Bart Dorsa, a lifelong resident of San Jose, has lived in Moscow for six years and has achieved more in that short span of time, than most young transplanted Californians could ever hope to expect. We had emailed back and forth between Moscow and Danville to set a time for a phone interview which finally materialized when he was driving from Los Angeles to San Jose for a local event.
I had followed Bart’s interesting life in Moscow through his parents Marilyn and Frank Dorsa of San Jose, and since I’ve known him since he was four years old, I took a special interest in his life and successes abroad. I had made a list of twenty burning questions about his career in Moscow to get the article going. I should not have been surprised at the titillating answer to question number one, and I saw that the interview had taken on a life of its own.
“Well Bart, tell me about the interesting women in Moscow. Is there anyone special?” I asked.
“Did you know I was engaged to twins?” was his first question to me.
“Yes Bart, I had heard that but I thought it was a great comedic throw-away line,” I answered.

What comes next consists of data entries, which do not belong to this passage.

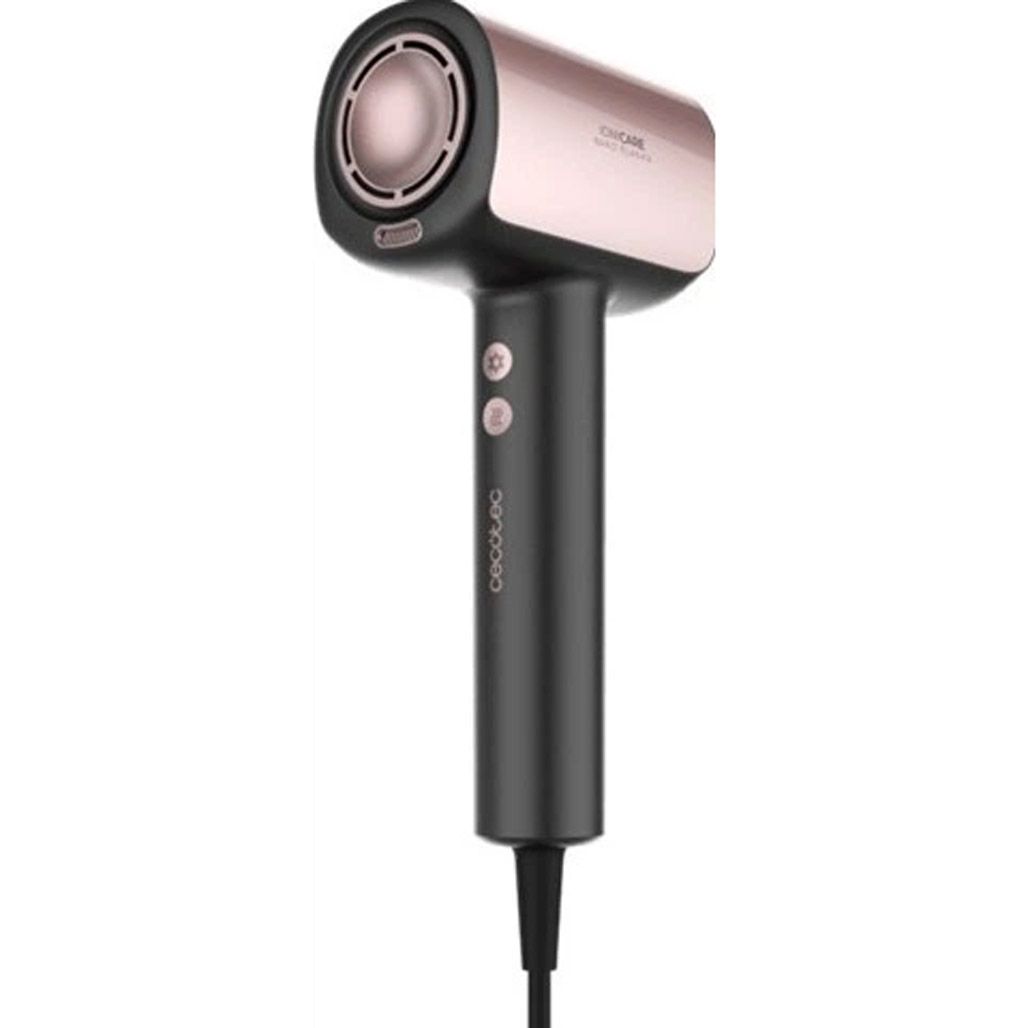 Фен CECOTEC DryGlam Nano Plasma Black (A01_EU01_100150) фото 2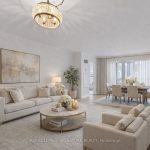 1-bedroom condo apartment for sale in Toronto — 2607 - 18 Harrison Garden Boulevard (Photo 5)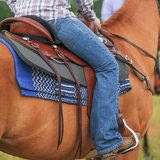 New! Cashel Navajo Blanket Liner 32″x64″ - Country Scene Saddlery and Pet Supplies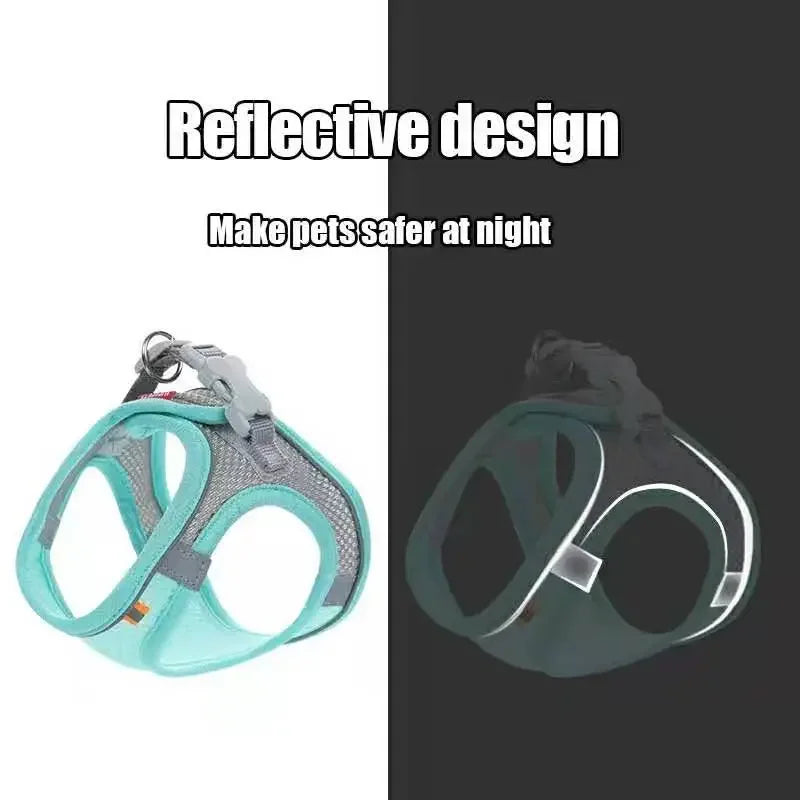 Breathable Harness Vest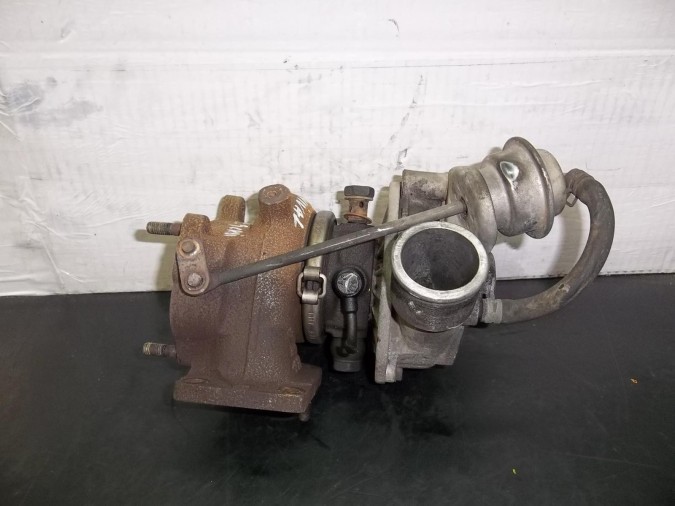 Turbo-Compresor KIA CARNIVAL 2004
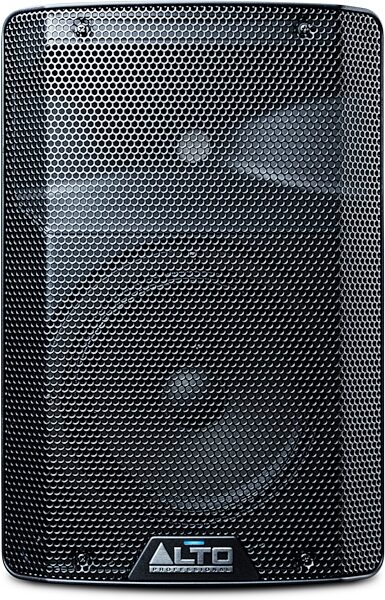 Alto Professional TX208 Powered Loudspeaker (300 Watts, 1x8"), Action Position Back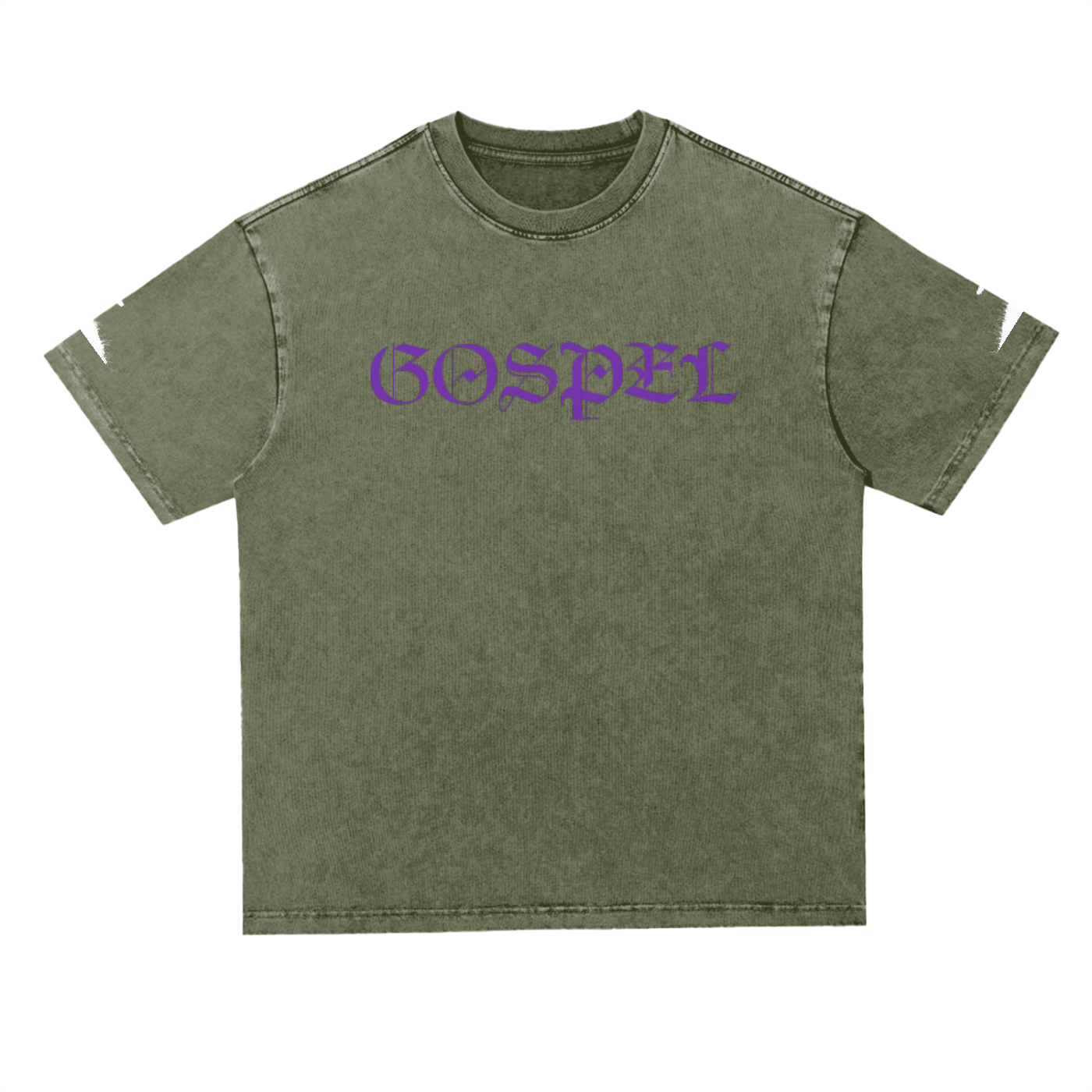 John 20:1-8 T-Shirt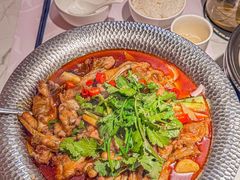 -食锦记·福建私房菜(浦西万达店)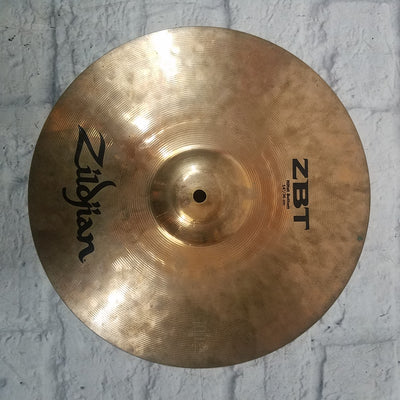 Zildjian ZBT 14" Hi-hat Cymbals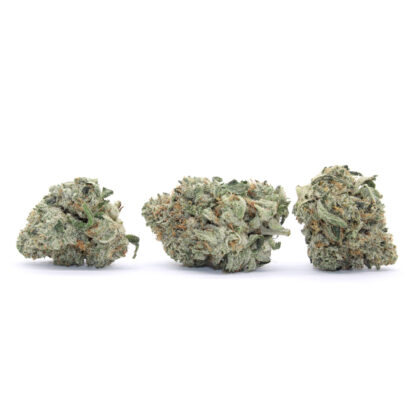 Space Lube Flower (smalls)
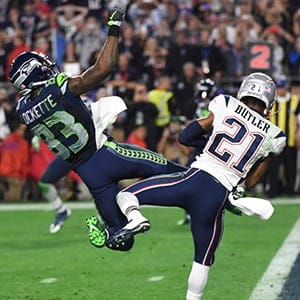 AMFOOT - NFL - SUPERBOWL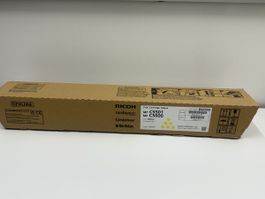 Nachfüllampulle für Ricoh Druckerpatrone – Gelb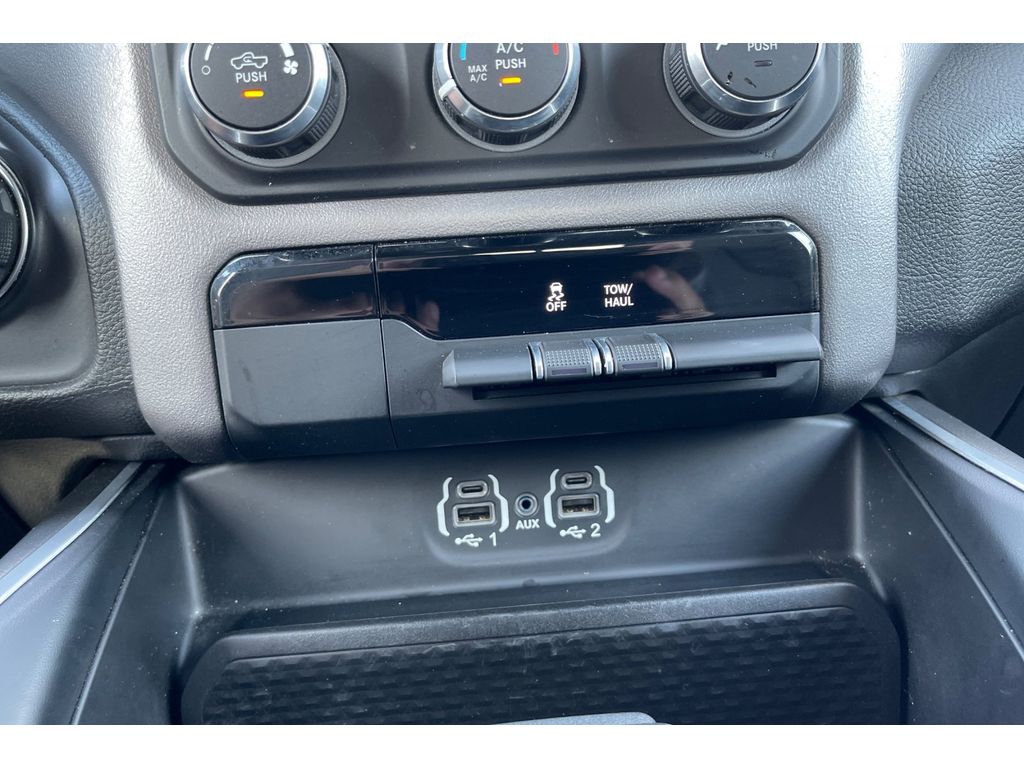 2023 Ram 1500 Big Horn photo 20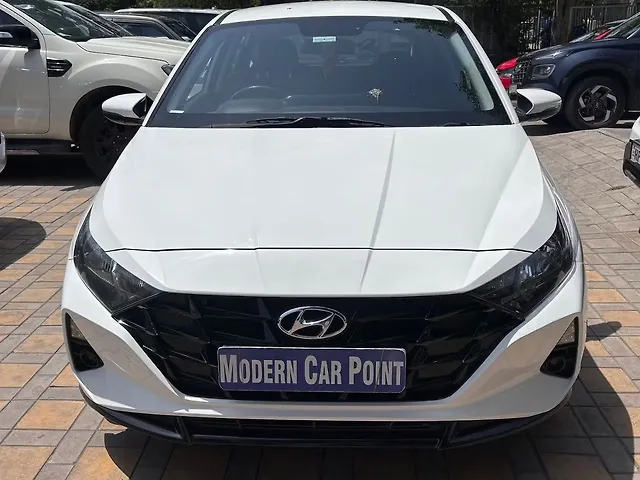 Used 2020 Hyundai Elite i20 in Chandigarh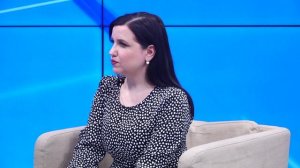 Тема дня 15.04.25 Равиль САЛИМОВ о детском отдыхе в 2025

“Well, it was great while it lasted—the twins Nadia and Luba were singers in their own band and they had been dating men who were jealous of their close sibling relationship so they both decided to marry one guy. We all three got engaged. I was the lucky guy,” he laughed.
I went on to my next question about his work in Russia. It was fascinating so far, to say the least. Once Bart had settled in Moscow, it lead to his liaison as a managing partner with one of Russia’s most creative emerging fashion designers, Vika Gazinskaya, who has since found her creative niche in the competitive world of design in the Eastern Bloc countries as well as Paris.
Bart Dorsa took control of the business, public relations and production end of the seasonal fashion show extravaganzas that were soon featured in top European magazines. Even though the fashion show production end of the business was extensive, he continued shooting an artistic-genre of photography which led to exhibits of his art at local Moscow venues. His creative work was noticed, and he garnered critical reviews.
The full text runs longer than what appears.